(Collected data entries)
######
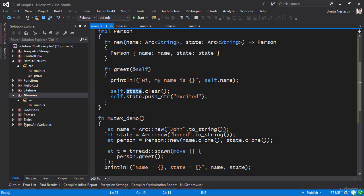What can be done about it? Well, one of the approaches is to put a mutex around this variable. Now, a mutex, the word mutex is short for mutual exclusion, and what this means is that threads are mutually excluded from modifying the actual variable until one of them is allowed to do so.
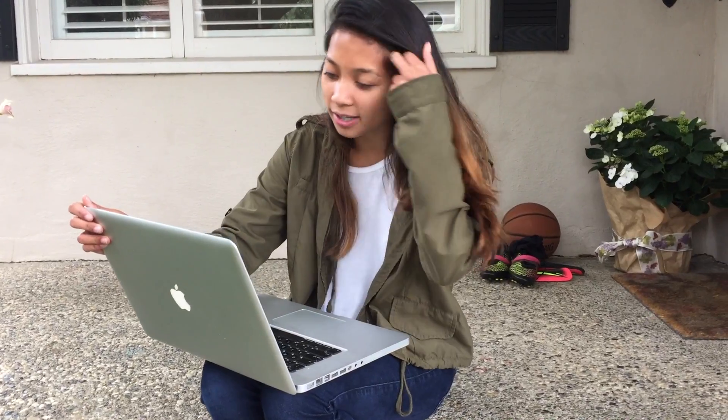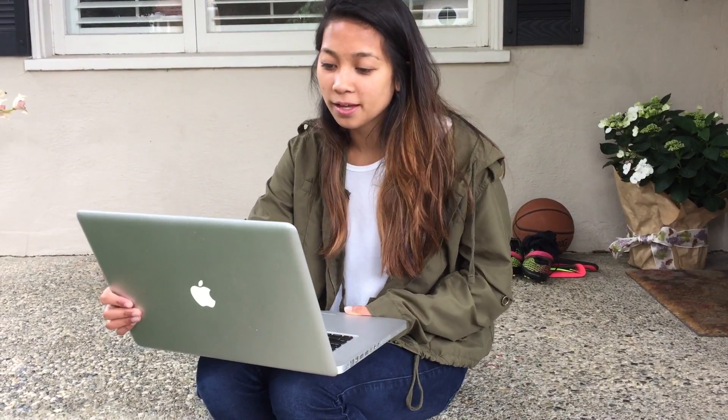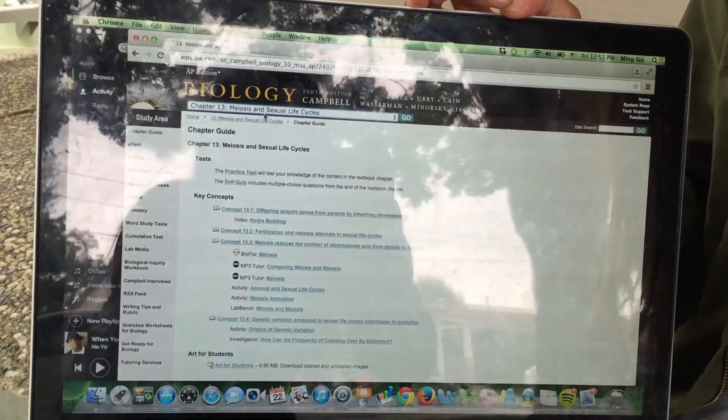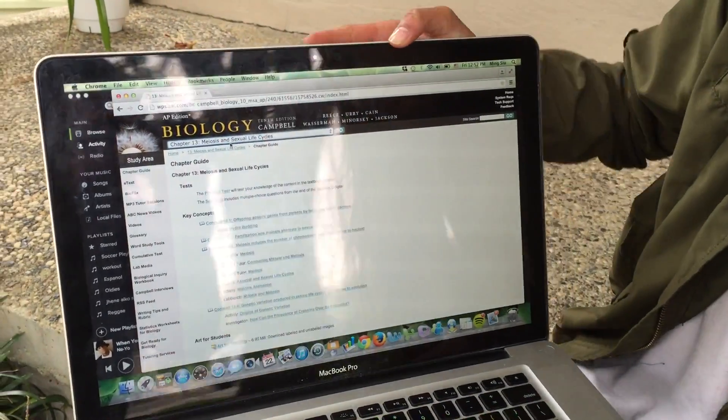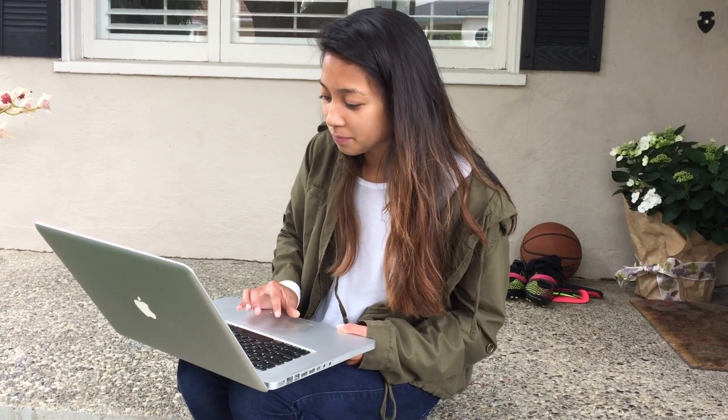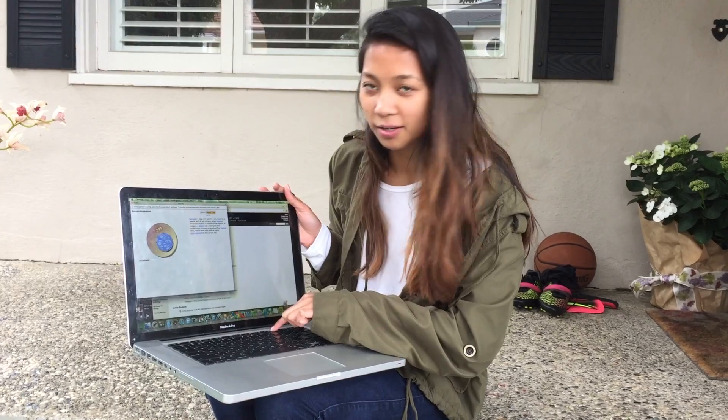Another method for studying is to use online resources. Our textbook has an online website with a bunch of study materials. You go to the drop-down menu, click a chapter — I'm on meiosis and sexual life cycles — and the things I find really helpful are the animations. Here is the meiosis animation; it walks you through the different steps of meiosis and is really helpful especially if you're a visual learner. They also have descriptions of what happens on the side, which are easy to read and comprehend. I find these videos super helpful and they have it for every chapter, so it's definitely something you should check out.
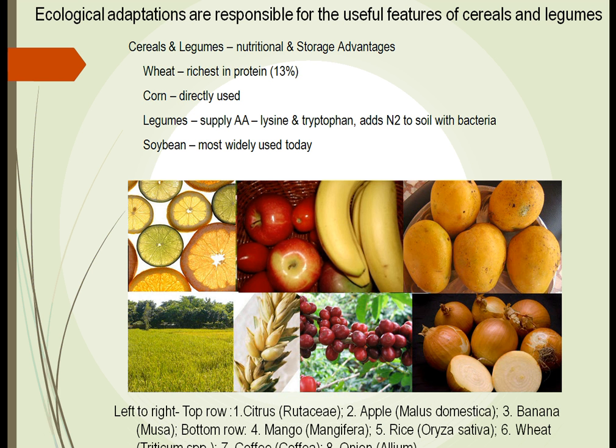Man also realized that he needed to have more than just one type of food. Through experimentation, they realized that they needed to have foods together. For example, legumes — peas and beans — supplied amino acids such as lysine and tryptophan. They realized, probably through trial and error, that they needed to add rice or corn to get a balanced diet.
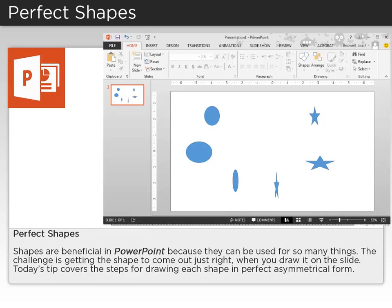Shapes are beneficial in PowerPoint because they can be used for so many things. The challenge is getting the shape to come out just right when you draw it on the slide. Today's tip covers the steps for drawing each shape in perfect asymmetrical form.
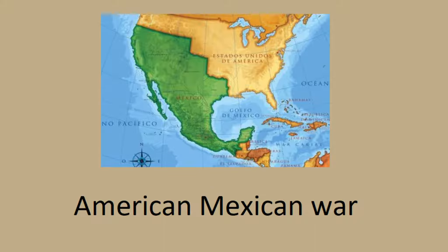Hi, thank you for joining us today on In The Classroom. Today on the show we're going to be talking about the American-Mexican War.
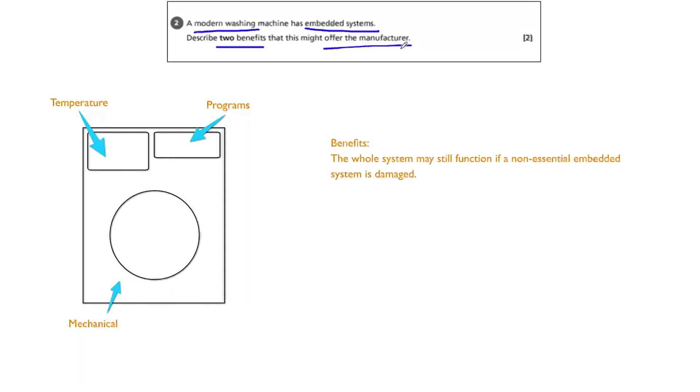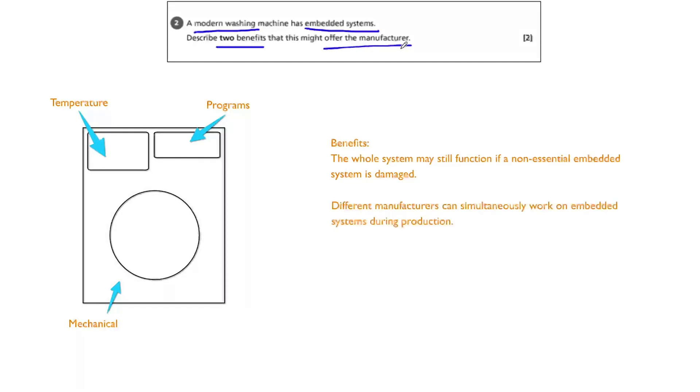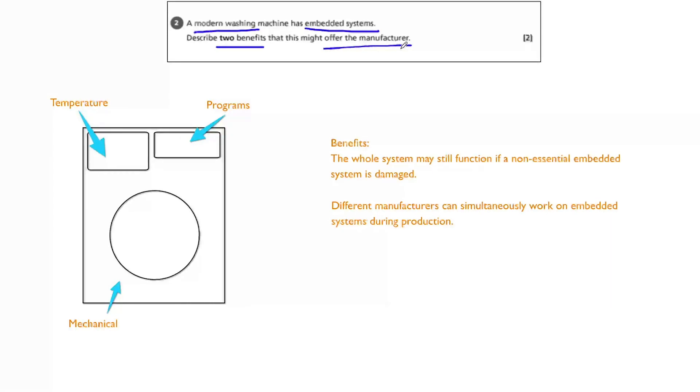First of all, the whole system may still continue to function if a non-essential embedded system is damaged. And different manufacturers can simultaneously work on embedded systems during production. Stating these two benefits would get you the two marks.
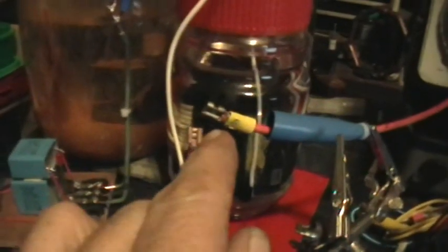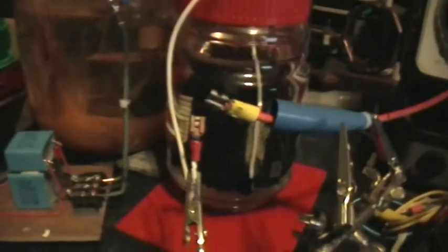going up to power this zero voltage switching flyback driver, which powers this flyback, which is then going to produce a little high voltage arc across those terminals right there.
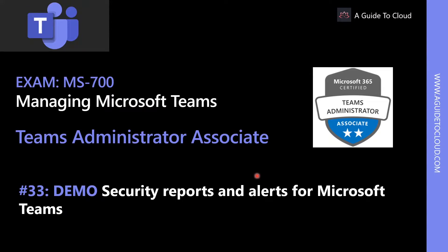Hey, welcome back. My name is Sushant Suthish and I'm your instructor for this MS700 Teams Administrator Associate Certification Examination course.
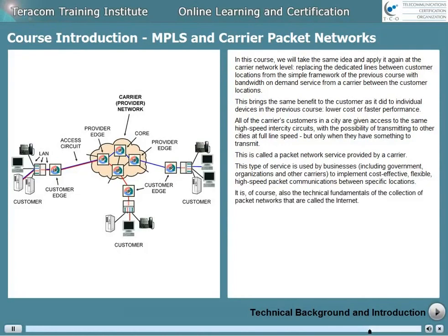It is, of course, also the technical fundamentals of the collection of packet networks that are called the Internet.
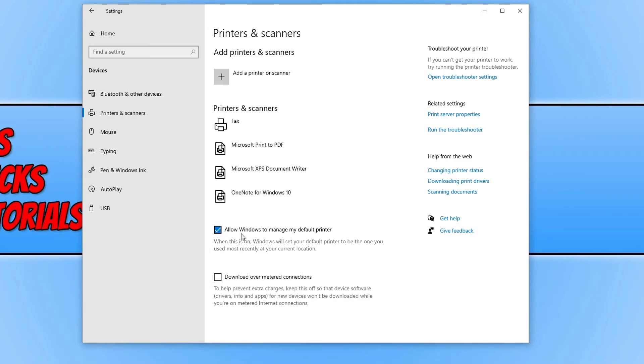Now that this is on, Windows will set your default printer to be the one you use most recently at your current location.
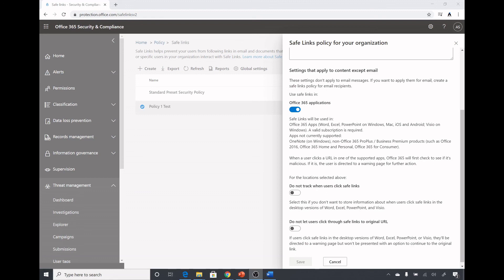So this was a small demo on how safe links policy works in Office 365 Defender for Office 365 apps, emails, and Teams. I hope you like this video, please like and subscribe to my channel and I will see you in my next video. Bye.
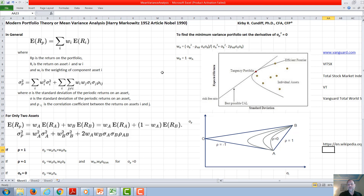If you are familiar with calculus and you want to find this minimum variance portfolio, you would do that by taking the derivative of the minimum variance portfolio equation, setting it equal to zero, and then finding WA and WB, and you get these two weightings. We will explore this further in other videos. Thank you for watching this video.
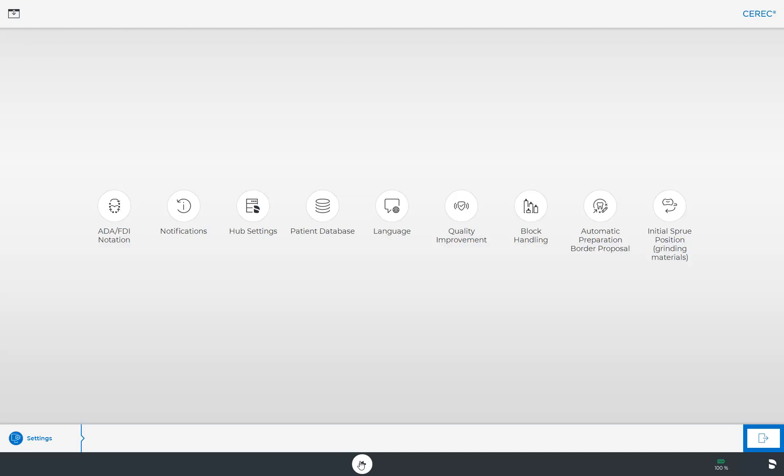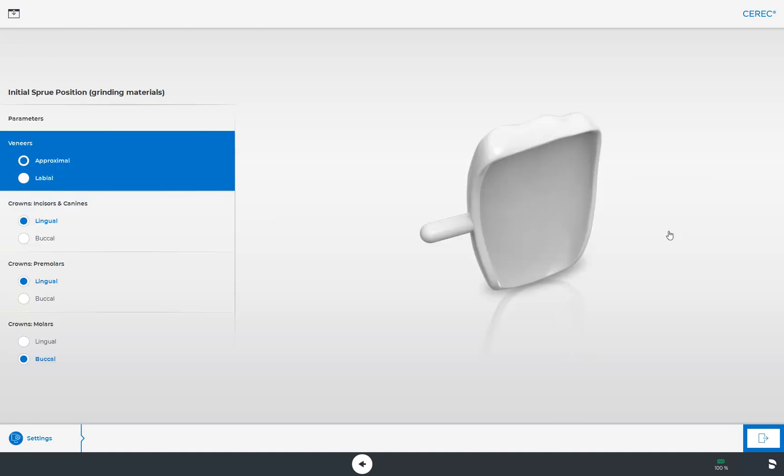We will also take a more detailed look at the last submenu, Initial Sprue Position. The advantage in setting these parameters is that the position of the sprue location for the different tooth and restoration types can be initially preset. You can decide, for example, whether the sprue position for a crown should be set on the lingual or buccal surface.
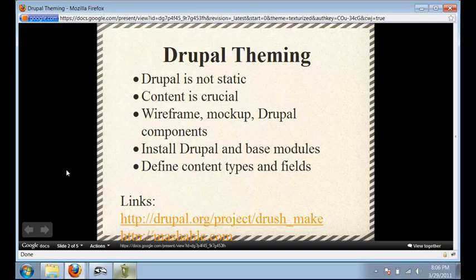Drupal is not static - I still get zip files with 30 PSDs and I'm thinking, does this person think I'm going to create a template for each of these? You need to look at those PSDs and think: what is this person trying to do, what is the content of this site, what is the purpose? Content is crucial - assess what the site's purpose is and what it's trying to do. The typical workflow is wireframes, mock-ups, then build the Drupal theme - but I think that's backwards.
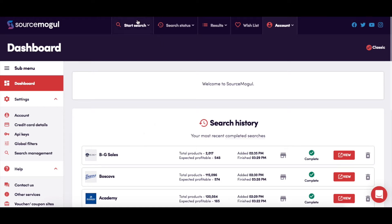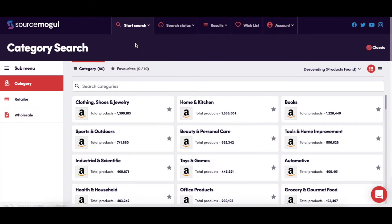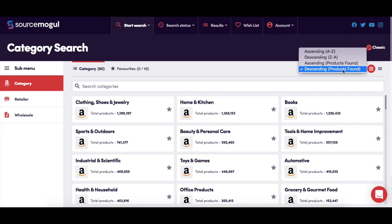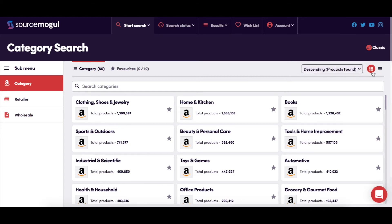On this page, you can start your category searches. Here it tells you how many Amazon categories are available to be searched. This gives you the option to create a list of up to 10 of your favorite categories, which you are able to set to start searching with one button. You can choose how to view the categories by adjusting the order that they are shown in or by switching between tiles or a list view.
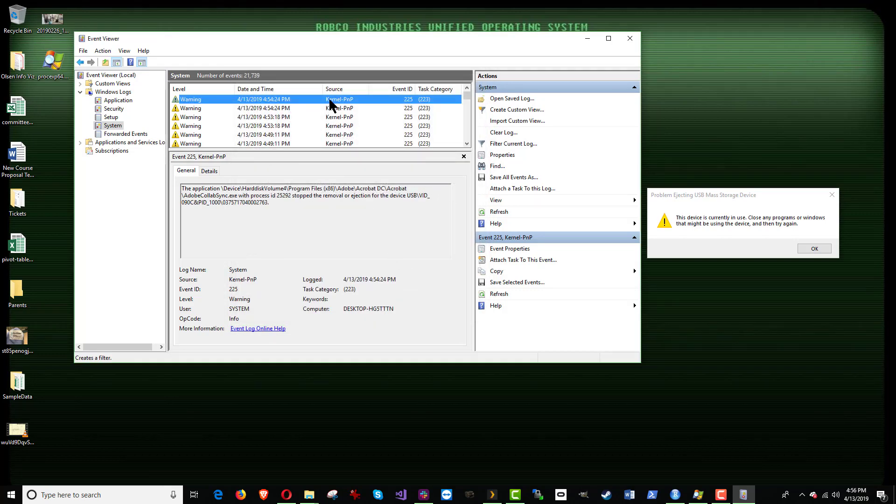But here's the problem. And if you look down here in general, it says the application device. Okay, all right. This is what's causing it. Adobe Collab Sync.exe. And it even tells us the process ID.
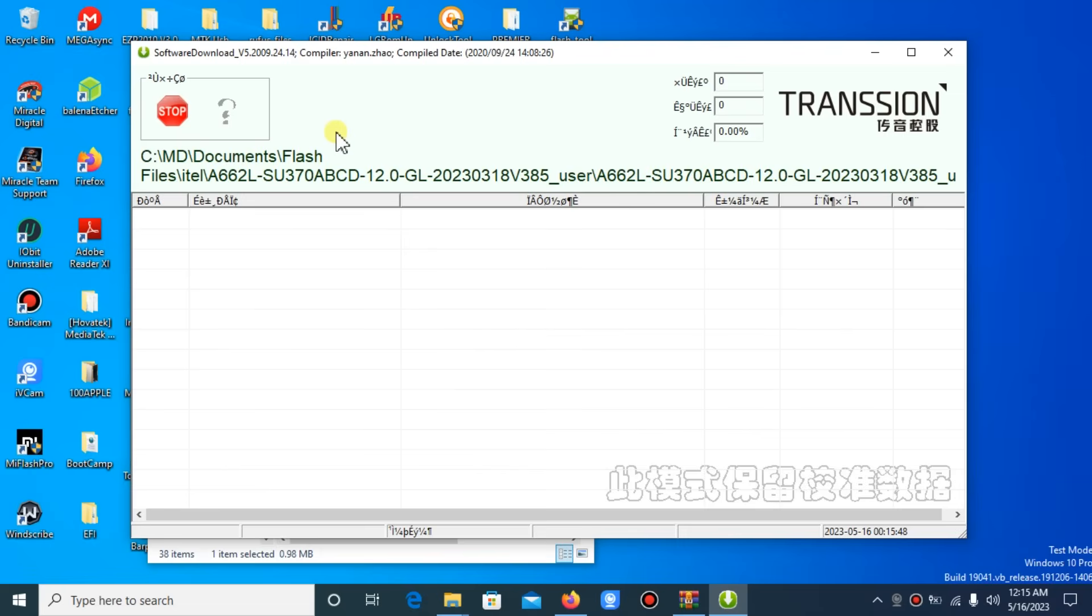As long as you have your driver installed properly, the flashing process will start. You don't have to do anything once the flashing process starts. Just connect the phone and wait till the process is completed, and that is all.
######
**Problem to work on**
Write out exactly the lines above between the one with "Another method for" and the one with "Hi, thank you", inclusive, with pictures left out.

**Solution to this problem**
Another method for studying is to use online resources. Our textbook has an online website with a bunch of study materials. You go to the drop-down menu, click a chapter — I'm on meiosis and sexual life cycles — and the things I find really helpful are the animations. Here is the meiosis animation; it walks you through the different steps of meiosis and is really helpful especially if you're a visual learner. They also have descriptions of what happens on the side, which are easy to read and comprehend. I find these videos super helpful and they have it for every chapter, so it's definitely something you should check out.
Man also realized that he needed to have more than just one type of food. Through experimentation, they realized that they needed to have foods together. For example, legumes — peas and beans — supplied amino acids such as lysine and tryptophan. They realized, probably through trial and error, that they needed to add rice or corn to get a balanced diet.
Shapes are beneficial in PowerPoint because they can be used for so many things. The challenge is getting the shape to come out just right when you draw it on the slide. Today's tip covers the steps for drawing each shape in perfect asymmetrical form.
Hi, thank you for joining us today on In The Classroom. Today on the show we're going to be talking about the American-Mexican War.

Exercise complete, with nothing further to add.